For many years, these chassis were owned by the same ocean cargo companies that own container ships. But many shipping lines, in part to heal balance sheets wounded by the global recession, have recently spun off or sold their chassis to equipment leasing companies including Flexi-Van, TRAC, and Direct ChassisLink (a former Maersk subsidiary). The transition has been extremely rocky.

“The chassis availability is scrambled, because there are all these companies that were supposed to have taken over, but didn’t have things entirely together,” says Val Naronha, president of the port research firm Digital Geographic. “If I [as a trucker entering a terminal] haven’t made my own arrangements for a chassis, I turn around. I’ve achieved nothing at the terminal having waited all that time.”

The chassis logjam may begin to clear up this month as an agreement among chassis providers establishes a common pool of chassis, making them easier to manage. But other factors contributing to congestion have no clear resolution timeline. Poor pay and conditions for truckers have caused driver shortages and discontent, while overall U.S. rail shipping capacity is under pressure from rising oil and gas loads from Midwest fracking operations. It’s simply getting harder to get loads out of port, even as overall volume increases.

The ongoing automation of L.A.-Long Beach has also, ironically, added to congestion, as longshoremen have demanded work-stopping safety reviews at the automated terminal run by TraPac.
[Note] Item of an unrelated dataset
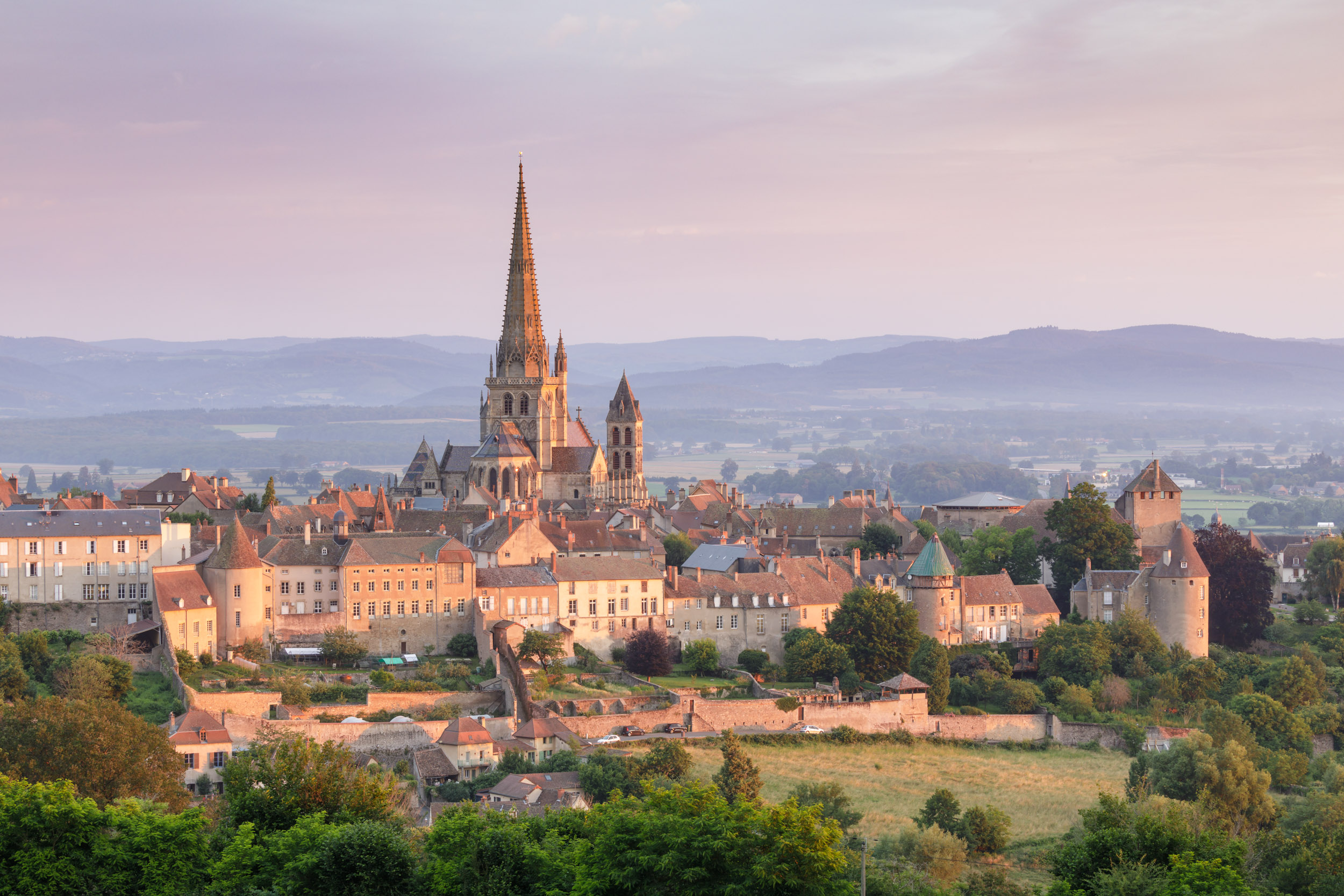 The Cathedrale Saint-Lazare d'Autun rising above the city of Autun in Saone-et-Loire, France. September 2021 newsletter cover.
Other problems include bottlenecks caused by ever-larger ships and extra congestion caused by the timing of port workers’ lunch breaks.

For ports and labor unions, who are now in the ninth month of negotiations to renew a contract that expired in July, the sclerosis at L.A.-Long Beach has become ammunition in a war of position: the ports argue that longshoremen are engaged in an illegal slowdown, but workers blame the ports and carriers.

“The true origins of the crisis involve other industry problems and bad decisions,” says Craig Merrilees, spokesperson for the International Longshore and Warehouse Union, which represents West Coast dockworkers. “The resulting mess has left customers angry, public port officials frazzled, and workers frustrated because the congestion makes their jobs more dangerous.”

But there has been rising congestion even at West Coast ports with fewer operational issues than L.A.-Long Beach, which some say proves that a labor slowdown is a major factor. “The ports at Seattle and Tacoma had been running at about 25 to 35 [container] moves per hour,” says Wade Gates, a representative of the Pacific Maritime Association, which negotiates with the longshoremen on behalf of port operators. “And at one point in time [in late 2014] that actually moved to as low as 10 to 14.”

“At L.A. and Long Beach,” continues Gates, “We’re seeing the unions . . . make a difficult situation even worse.”

One of the situation’s few bright spots is that a complete labor stoppage is unlikely. “They will not shut down the ports,” says Bill Mongelluzzo of the shipping trade publication The Journal of Commerce. “The ILWU doesn’t want to attract federal mediation.”

Even once the chassis gridlock clears and the labor slowdown ends, though, the multiple chronic issues facing West Coast ports have observers wondering whether the future will be much smoother.

“We know trade is going to continue to grow,” says the NRF’s Gold. “Looking at how our ports work today, we’re not ready.”